1. Open the Windows Store
2. Search and install the Ubuntu app (from Canonical Group Limited)
3. Open the Windows main menu and open the Ubuntu app (it should open an Ubuntu terminal)
4. Use the following command in the Ubuntu terminal:

sudo apt-get install build-essential cmake zlib1g-dev

5. Use the opened Ubuntu terminal for compiling, installing and running Ratatosk (see next section). See Troubleshooting if you have any problem during the installation.

1. Clone the Git repository

git clone --recursive https://github.com/DecodeGenetics/Ratatosk.git
cd Ratatosk

2. Install Ratatosk

mkdir build && cd build
cmake ..
make
make install

By default, the installation creates:

• a binary (Ratatosk)

Notes make install might require sudo (sudo make install) to proceed. If you want to install Ratatosk in a non-default path, add the option -DCMAKE_INSTALL_PREFIX=/some/path/ .. to the cmake command where /some/path/ is where you want to see the Ratatosk files installed. Do not forget to add this path to your environment variables (see Troubleshooting). If you encounter any problem during the installation, see the Troubleshooting section.

Ratatosk

displays the command line interface:

Ratatosk x.y

Error correction of long reads using colored de Bruijn graphs

Usage: Ratatosk [PARAMETERS]

[PARAMETERS]:

   > Mandatory with required argument:

   -s, --in-short                  Input short read file to correct (FASTA/FASTQ possibly gzipped)
                                   List of input short read files to correct (one file per line)
   -l, --in-long                   Input long read file to correct (FASTA/FASTQ possibly gzipped)
                                   List of input long read files to correct (one file per line)
   -o, --out-long                  Output corrected long read file

   > Optional with required argument:

   -c, --cores                     Number of cores (default: 1)
   -q, --quality                   Output Quality Scores: corrected bases get QS >= t (default: t=0, no output)
   -t, --trimming                  Trim bases with quality score < t (default: t=0, no trimming)
                                   Only sub-read with length >= 63 are output if t > 0
   -u, --in-unmapped-short         Input read file of the unmapped short reads (FASTA/FASTQ possibly gzipped)
                                   List of input read files of the full unmapped short reads (one file per line)
   -a, --in-accurate-long          Input high quality long read file (FASTA/FASTQ possibly gzipped)
                                   List of input high quality long read files (one file per line)
                                   (Those reads are NOT corrected but assist the correction of reads in input).
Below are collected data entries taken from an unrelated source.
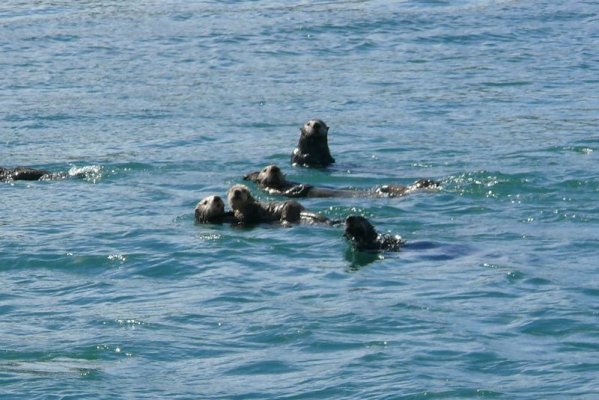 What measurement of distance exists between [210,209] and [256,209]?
19.7 inches

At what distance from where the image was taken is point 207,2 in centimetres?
3262

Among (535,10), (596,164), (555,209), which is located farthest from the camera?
(535,10)

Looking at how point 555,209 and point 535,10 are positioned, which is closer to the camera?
point 555,209

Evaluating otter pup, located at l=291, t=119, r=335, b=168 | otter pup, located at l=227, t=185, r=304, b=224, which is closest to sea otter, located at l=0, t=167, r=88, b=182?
otter pup, located at l=291, t=119, r=335, b=168

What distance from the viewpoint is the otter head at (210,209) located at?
1590 cm

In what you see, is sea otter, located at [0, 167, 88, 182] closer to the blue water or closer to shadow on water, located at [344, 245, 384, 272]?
the blue water

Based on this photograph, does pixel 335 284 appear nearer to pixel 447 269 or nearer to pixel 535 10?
pixel 447 269

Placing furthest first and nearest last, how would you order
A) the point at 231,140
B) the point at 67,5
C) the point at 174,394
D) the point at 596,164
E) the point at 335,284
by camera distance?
the point at 67,5 → the point at 231,140 → the point at 596,164 → the point at 335,284 → the point at 174,394

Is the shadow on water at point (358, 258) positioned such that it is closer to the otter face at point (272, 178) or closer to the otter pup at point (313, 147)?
the otter face at point (272, 178)

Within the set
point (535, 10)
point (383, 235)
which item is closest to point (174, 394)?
point (383, 235)

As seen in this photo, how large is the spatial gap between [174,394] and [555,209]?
6.25 meters

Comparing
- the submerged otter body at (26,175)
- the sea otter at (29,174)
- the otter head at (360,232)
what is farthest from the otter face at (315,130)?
the otter head at (360,232)

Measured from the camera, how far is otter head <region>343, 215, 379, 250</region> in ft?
46.8

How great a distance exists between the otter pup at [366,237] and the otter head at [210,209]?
184cm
   > Optional with no argument:

   -v, --verbose                   Print information messages during execution

• Whole genome dataset

Ratatosk -v -c 16 -s short_reads.fastq -l long_reads.fastq -o out_long_reads

Ratatosk corrects the long read file (-l long_reads.fastq) with 16 threads (-c 16) using an index built from the short read file (-s short_reads.fastq). Information messages are printed during the execution (-v) and the corrected long reads are written to file out_long_reads (-o out_long_reads).

• Subset of a whole genome dataset

Ratatosk -v -c 16 -s subset_short_reads.fastq -l subset_long_reads.fastq -u unmapped_short_reads.fastq -o out_long_reads

Ratatosk corrects the long read file (-l subset_long_reads.fastq) with 16 threads (-c 16) using an index built from the short read file (-s subset_short_reads.fastq). Ratatosk might use for the correction some unmapped short reads (-u unmapped_short_reads.fastq) which are missing in the input subset (-s). Information messages are printed during the execution (-v) and the corrected long reads are written to file out_long_reads (-o out_long_reads). Note that -u is optional.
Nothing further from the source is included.